The Communist Party of India-Marxist said the issue “has assumed more serious proportions… because of the deterioration in the overall relations” between India and China.
But it noted that the present dispute did not pertain to any border area between China and India.
“The Modi government must realise that there is no alternative to settling the recurring disagreements on the border except through negotiations,” the editorial said.
“It is also important to keep in mind that Bhutan is the main party in the dispute. Bhutan is not a ‘protectorate’ of India.
“It must be underlined that Bhutan has been negotiating with China directly on its border issues since 1984.
“It is better that India let Bhutan take the lead in negotiating with China on the Doklam Plateau and other disputed territories.
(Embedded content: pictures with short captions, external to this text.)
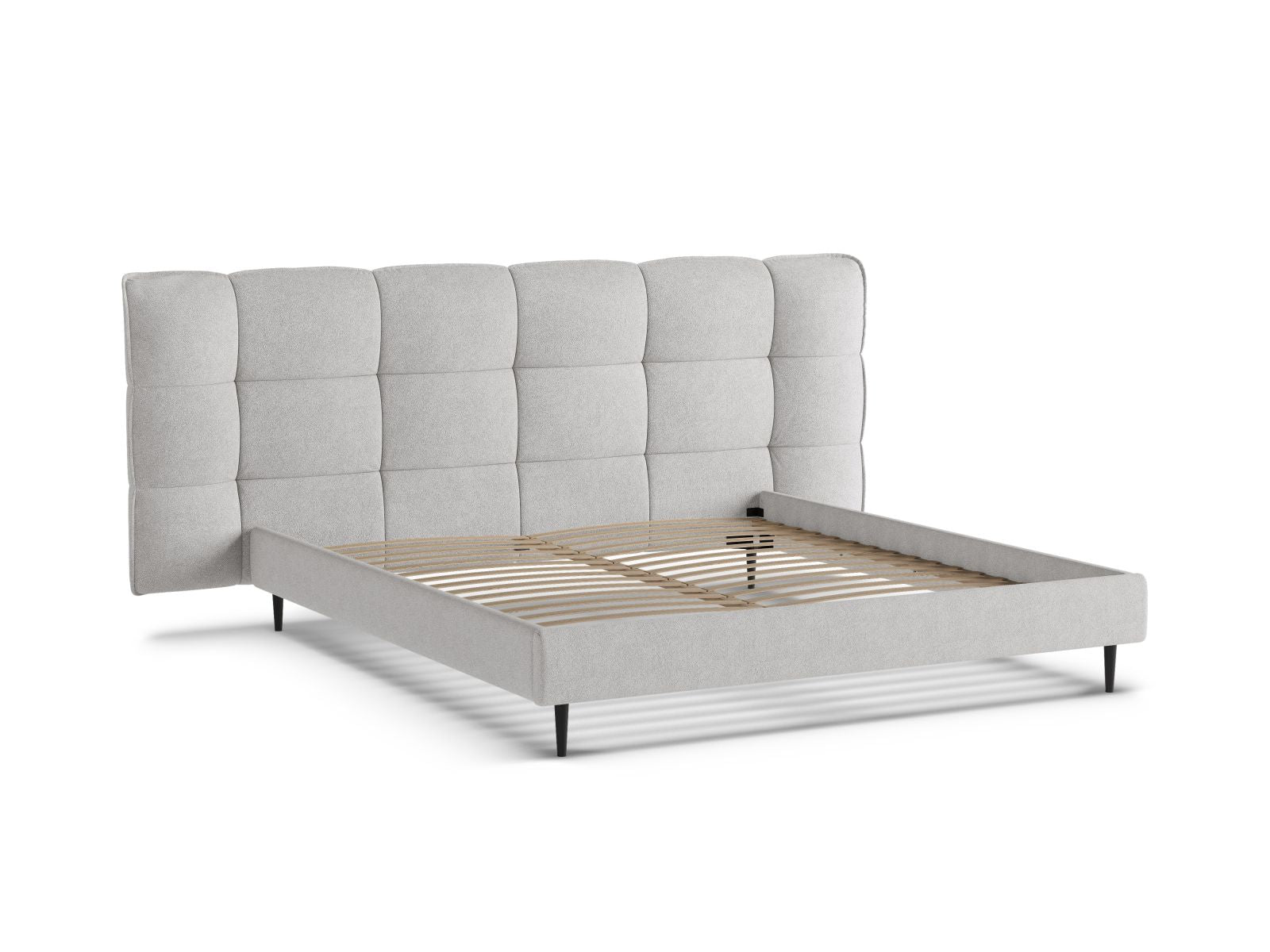 Modernes Eric Bett in 140 cm, ausgestattet mit Stauraum und elegantem Kopfteil, perfekt für kompakte Schlafzimmer.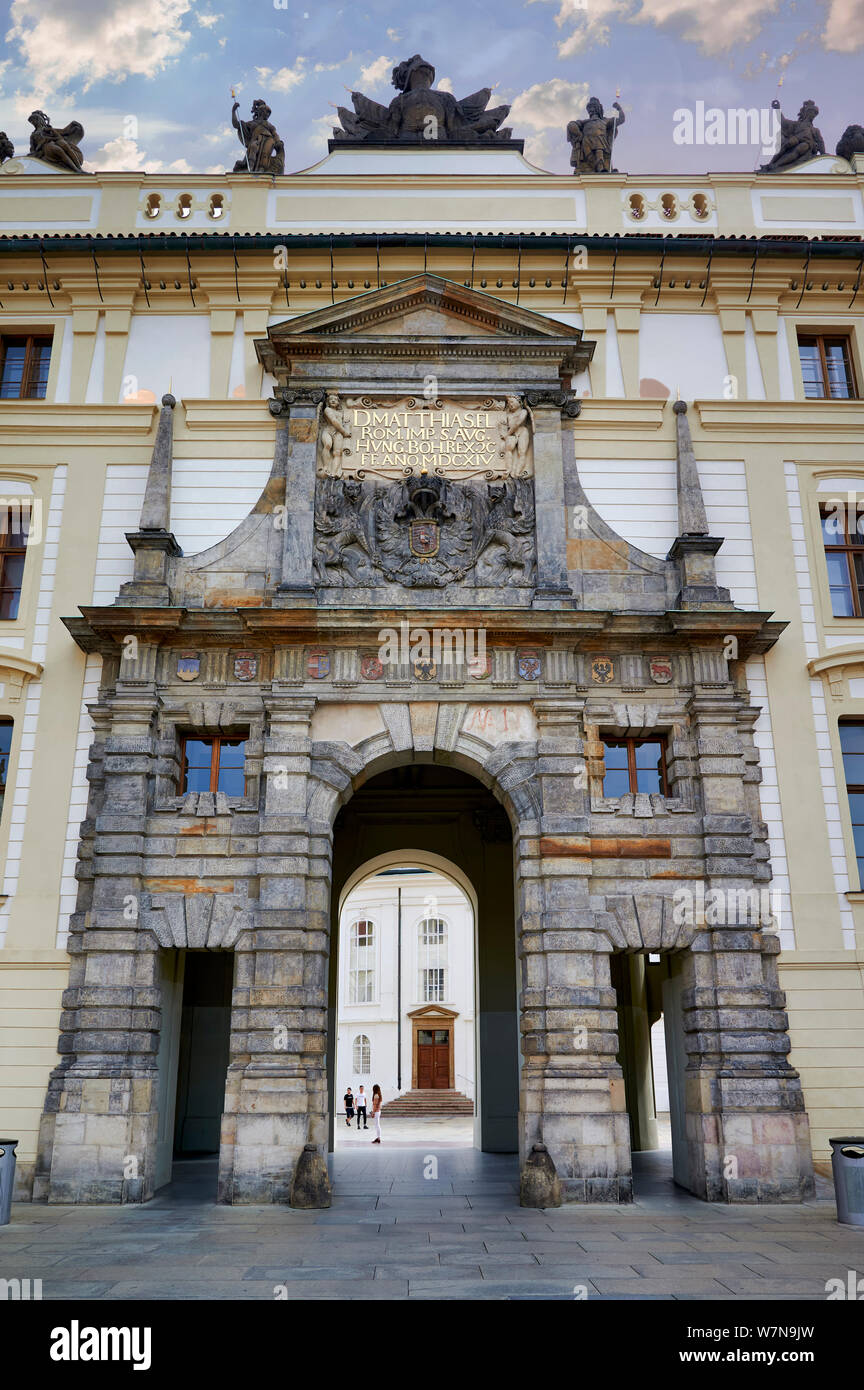 In Prag in der Tschechischen Republik. Der Eingang der Burg. Matthias gate Stockfoto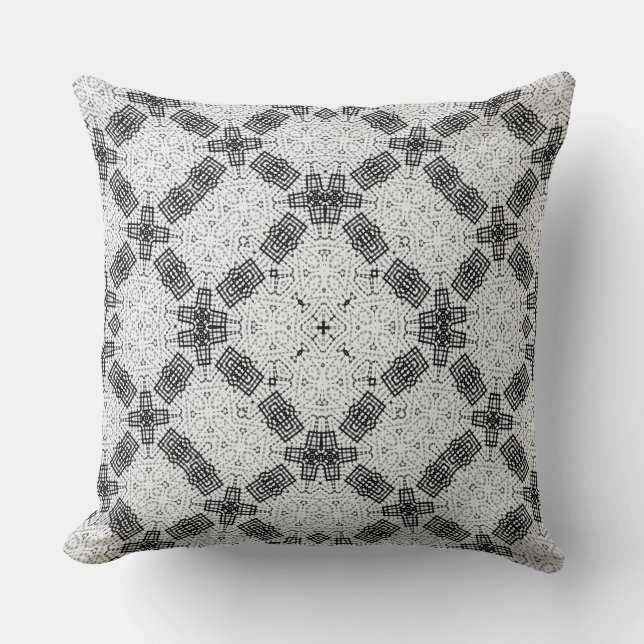 Black and white , openwork , geometric , lace patt cushion (Front)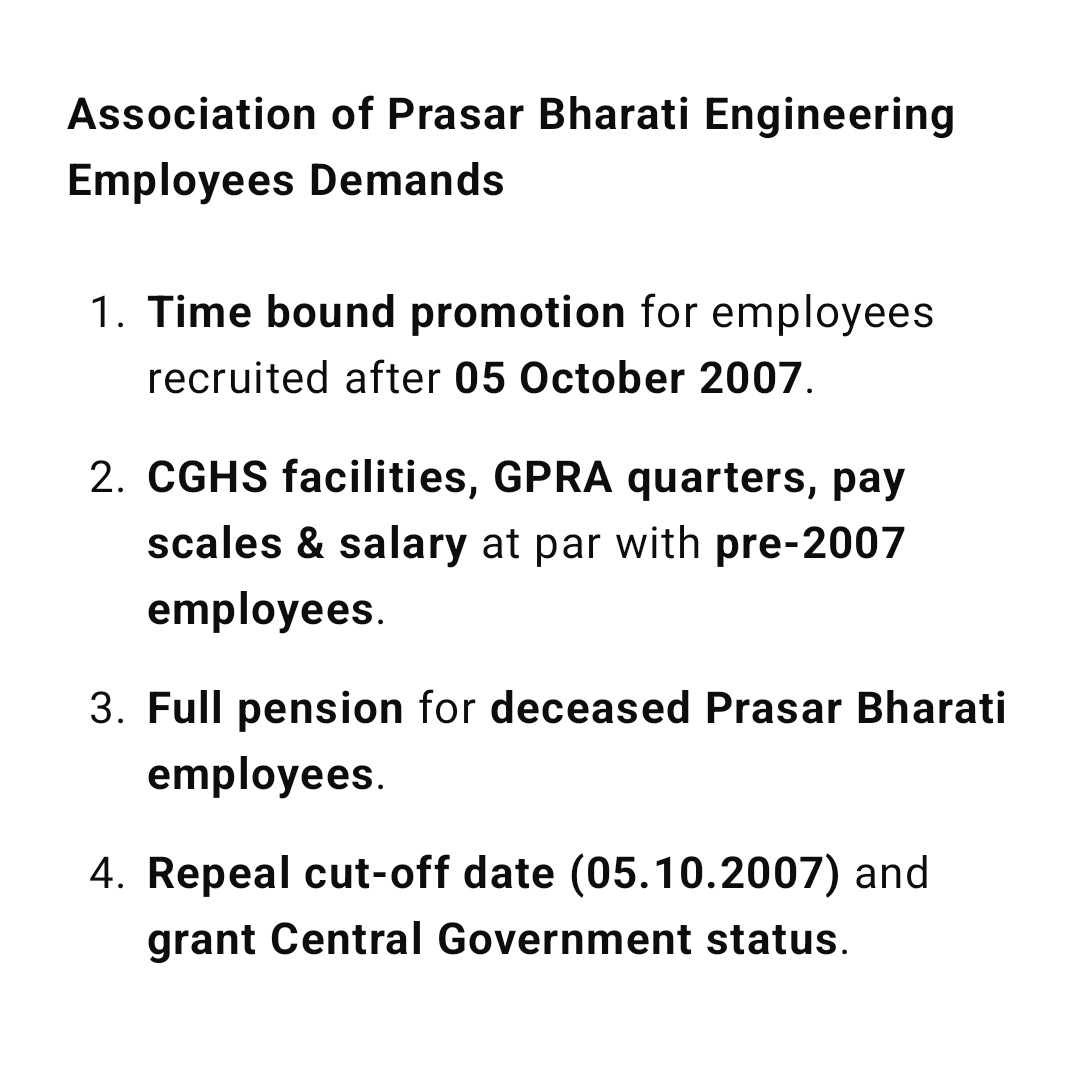 सुनील मेघवाल (@beingsunilmegh) on Twitter photo <a href="/APBEE2018/">Association of Prasar Bharati Engg. Employees</a> अभी तो हम भारत वर्ष के हर केंद्र - स्टेशन पर अपनी माँगो के लिए शांतिपूर्ण तरीके से अपना विरोध जताएंगे। परन्तु जरूरत पड़ने हम हमारी माँगो को रखने के लिए दिल्ली भी कूच कर सकते है। <a href="/AshwiniVaishnaw/">Ashwini Vaishnaw</a> <a href="/murugan/">Murugan</a> <a href="/sjaju1/">Sanjay Jaju</a> <a href="/navneetsehgal3/">Navneet Sehgal</a> <a href="/GauravDwivedi95/">Gaurav Dwivedi</a> <a href="/pragyapgaur/">pragyapaliwalgaur</a>
#Repeal_PBAct <a href="/APBEE2018/">Association of Prasar Bharati Engg. Employees</a> अभी तो हम भारत वर्ष के हर केंद्र - स्टेशन पर अपनी माँगो के लिए शांतिपूर्ण तरीके से अपना विरोध जताएंगे। परन्तु जरूरत पड़ने हम हमारी माँगो को रखने के लिए दिल्ली भी कूच कर सकते है। <a href="/AshwiniVaishnaw/">Ashwini Vaishnaw</a> <a href="/murugan/">Murugan</a> <a href="/sjaju1/">Sanjay Jaju</a> <a href="/navneetsehgal3/">Navneet Sehgal</a> <a href="/GauravDwivedi95/">Gaurav Dwivedi</a> <a href="/pragyapgaur/">pragyapaliwalgaur</a>
#Repeal_PBAct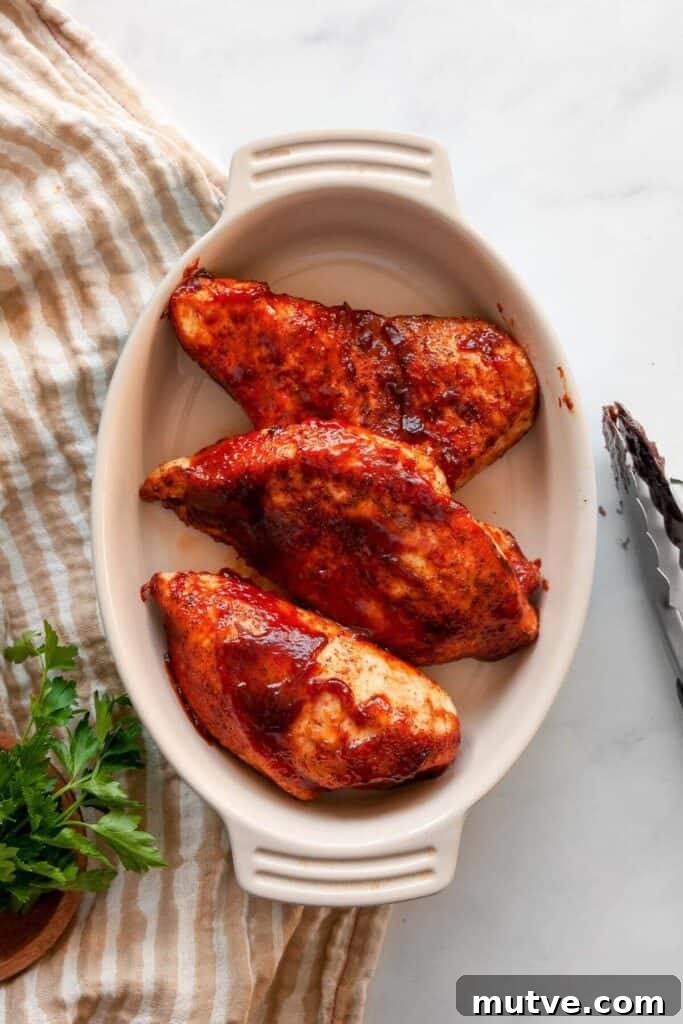 Air Fryer BBQ Chicken Breasts Recipe 7 healthy air fried bbq chicken breasts in a dish
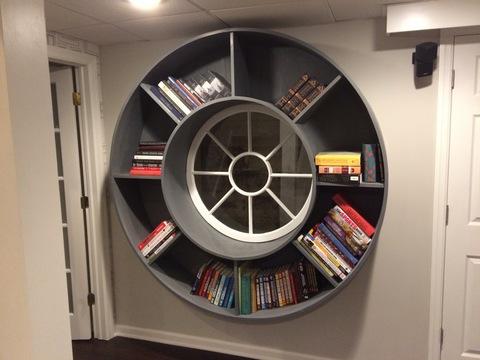 Eclectic Basement with circular book shelf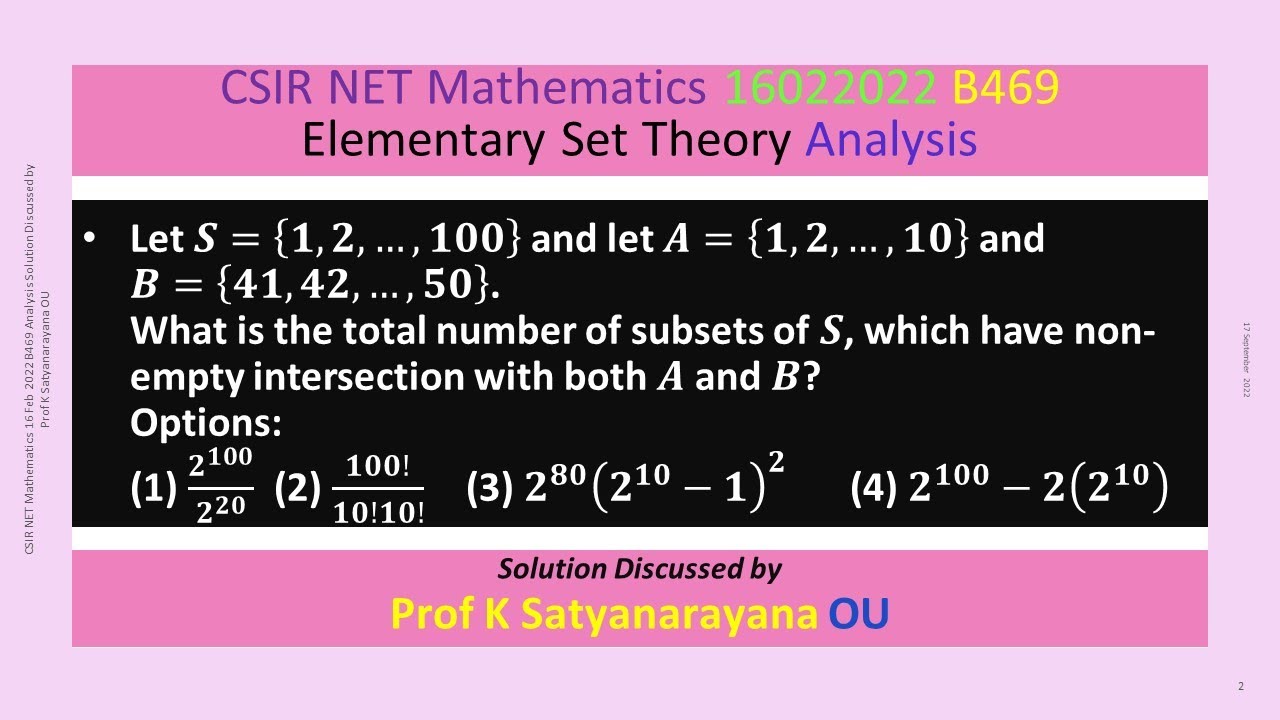 CSIR NET Mathematics 16 Feb 2022 B469 Analysis Solution Discussed by Prof K Satyanarayana OU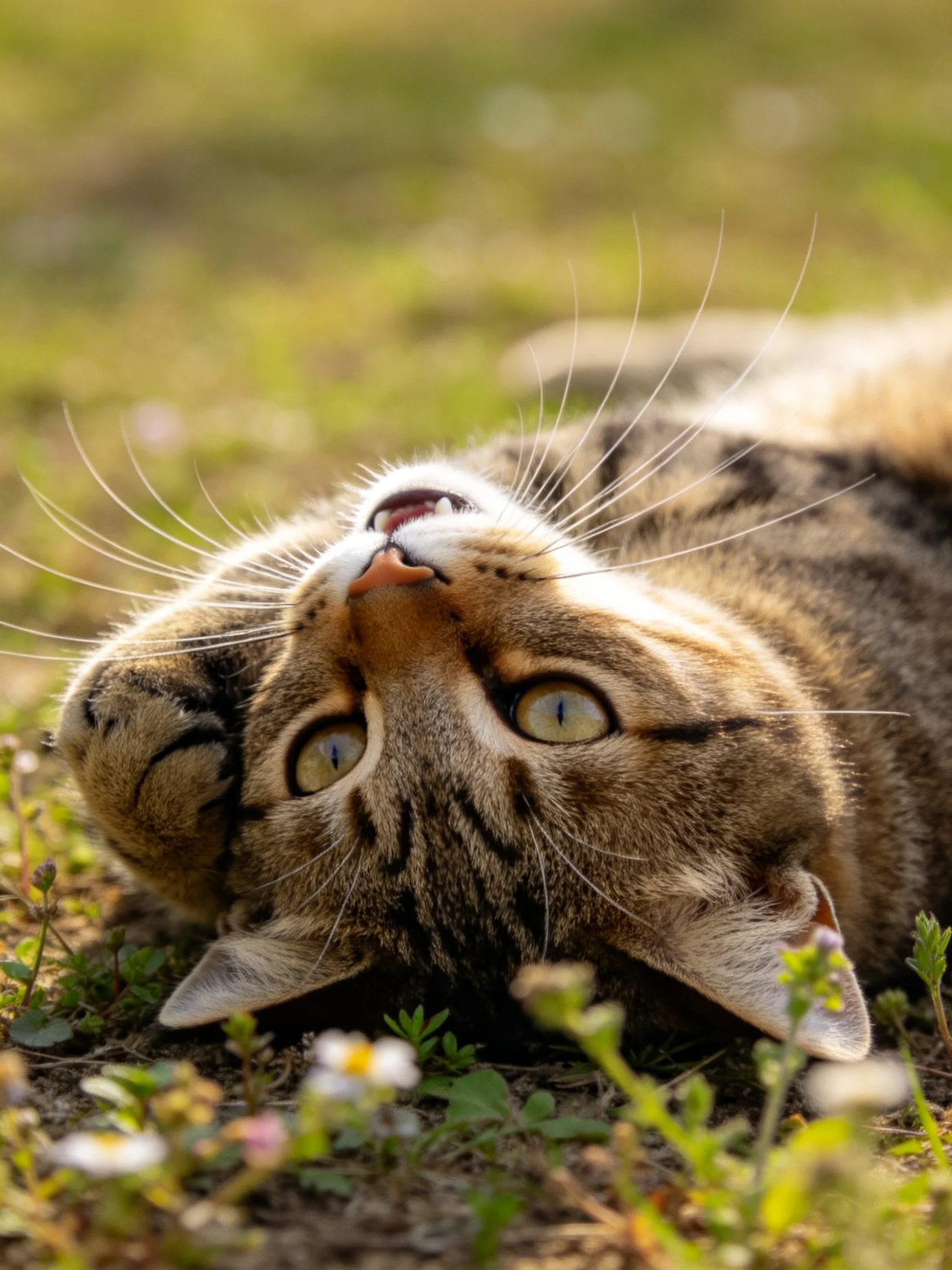 A relaxed tabby cat rests on grass amid wildflowers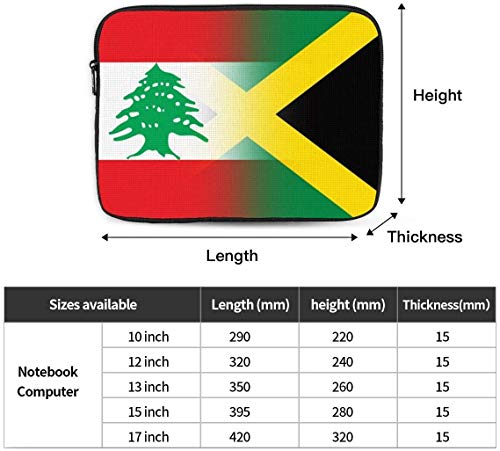 BONRI Lebanon and Paraguay Flag Laptop Sleeve Bag Compatible with 10-17 Inch Classic Computer Bag Laptop Case-Lebanon And Jamaican Flag，15inch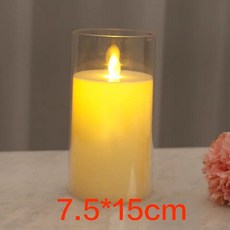 LED 전자 흔들리는 촛불 무드등 리얼 감성 차박 웨딩 파티 프로포즈 조명, 10_플라스틱투명덮개7.5x15cm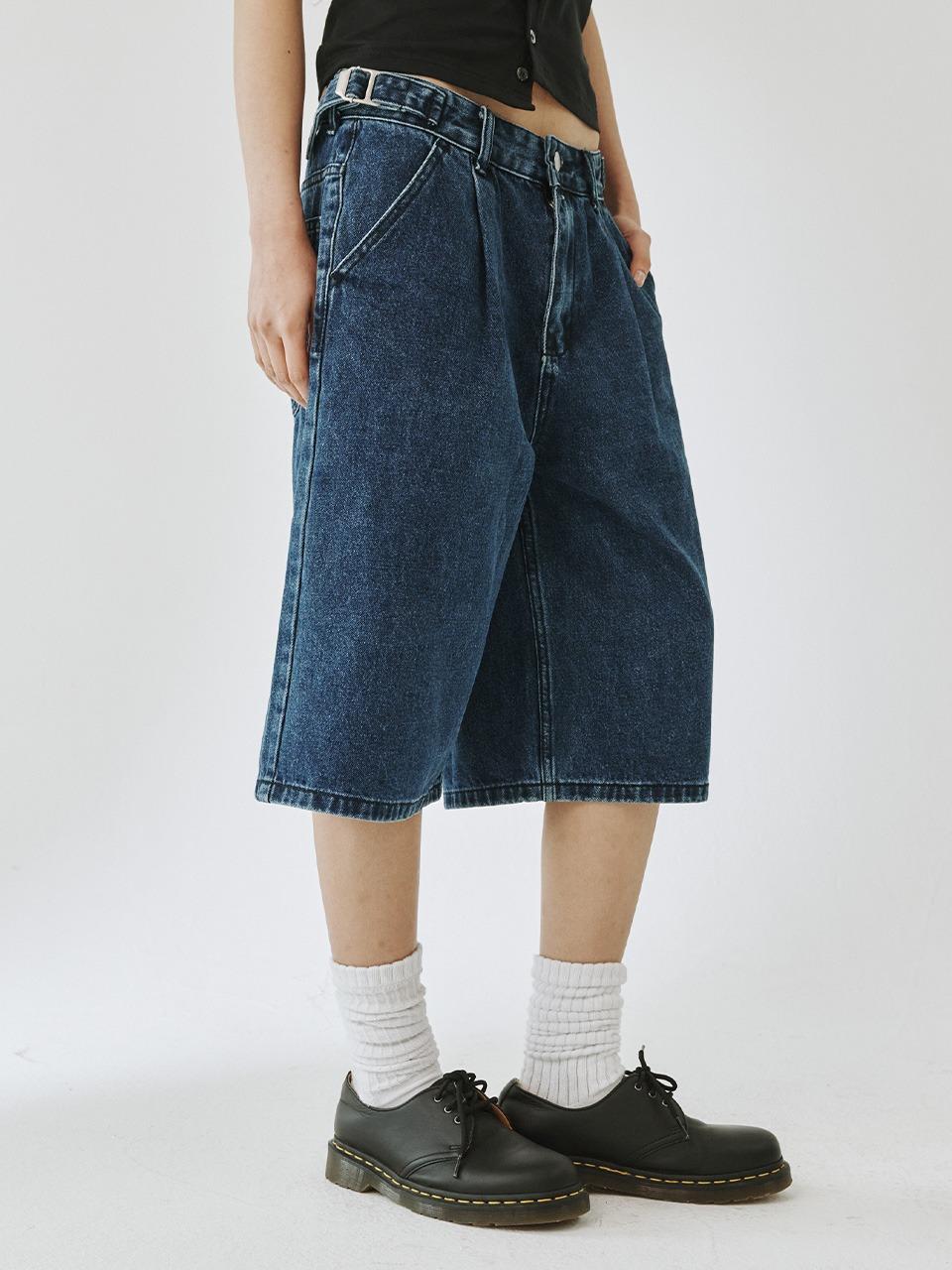 [PLZPROJECT]SIDE ADJUST BERMUDA SHORTS, BLUE
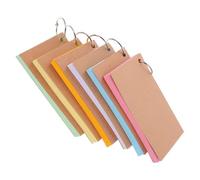 Parliky Set de Cartes Index Lignées Double Face avec Anneaux de Reliure Carnet Vocabulaire Portable Papier Kraft Fiches Flash pour Étude et Organisation Bureau École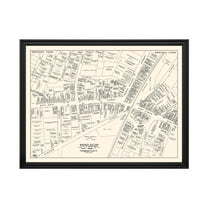 Meriden Art, 1946 Vintage Map of Downtown Meriden Connecticut, CT History Wall Decor Gift, Old Meriden Map - 24" x 18" Black Framed Print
India can lend support to Bhutan’s position.”
The CPI-M said the present border fracas had assumed greater salience because Sino-Indian differences had aggravated since the Modi government took power.
“The prime factor contributing to this divergence is India’s strategic alliance with the US. India has joined the US in its strategic designs in the Asia-Pacific and Indian Ocean region which is aimed at containing China.
“India has openly sided with the US position on the South China Sea; India has opposed the Belt and Road Initiative.
“Within the country, the Modi government has increased the profile of the Dalai Lama and the so-called Tibetan provisional government (which) are serious irritants for China.”
The editorial said India saw China as a stumbling block in its bid to join the Nuclear Suppliers Group and Beijing had not helped to get Pakistan-based Masood Azhar on the terrorist list notified by the UN.
“The erosion of trust and mutual confidence has contributed to the present tensions related to Doklam.”
The CPI-M quoted Indian Foreign Secretary S. Jaishankar as saying that India and China must not allow differences to become disputes.
“It will be good if this approach is put into practice by the Modi government,” it said. “Extraneous factors must not be allowed to interfere in the quest for better relations between the two neighbours in Asia.”